Jane Harrison finds out more about Chris Hodgkins, who joined a band at 17 and went on to co-found the Welsh Jazz Festival

TRUMPETER Chris Hodgkins is a past master at creating mood with his music, his most ambitious album to date being Boswell's London Journal.

With 15 tunes, co-composed with Eddie Harvey, he evokes the emotional and sometimes tortuous life of James Boswell, best known as Dr Samuel Johnson's biographer and keen diarist.

With his quartet (Alison Rayner, Max Brittain and Diane McLoughlin) Chris has produced a work of art, which he described as "the icing on the cake" after it was named Jazz CD of the Week in the Evening Standard. The reviewer wrote: "It's his best album yet, a tuneful tribute to Dr Johnson's biographer, craftily arranged and gracefully played.

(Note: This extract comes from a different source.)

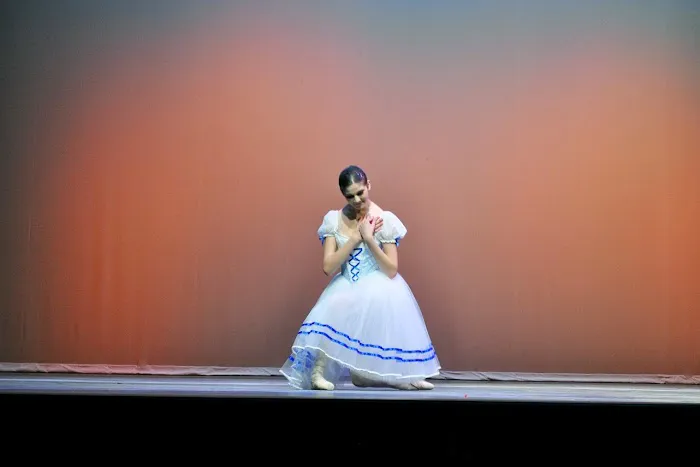 Allegro Picture 9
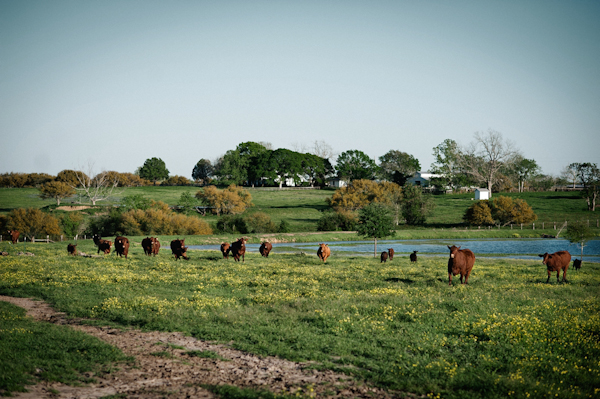 rustic, Texas ranch engagement photos by top Houston-based wedding photographers Studio 563 rustic, Texas ranch engagement photos by top Houston-based wedding photographers Studio 563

He plays in the unfashionable classic style of Ruby Braff and the great Louis Armstrong."

It closely followed two previous works by the Chris Hodgkins Trio (without Diane) called Present Continuous in 2005 and Future Continuous a year later.

His trio plays a mixture of mainstream and swing, ranging from the little-known to old favourites such as Somewhere Over the Rainbow and original compositions.

Chris, 58, of Bedford Road, West Ealing, is perhaps more popularly known for playing at the Ealing Jazz Festival or even as director for 23 years of Jazz Services, a national organisation backed by Arts Council England, which helps budding and existing musicians with anything from touring to publishing.

Jazz struck a chord with Chris from a very early age.

He says: "My father was a congregational minister in Cardiff. One brother, John, played the trumpet in a band and the other played the piano. I used to hear all the practising and Louis Armstrong records. I was immersed in music from the age of three. That music (jazz) was unbelievable. It was like being hit by a barn door."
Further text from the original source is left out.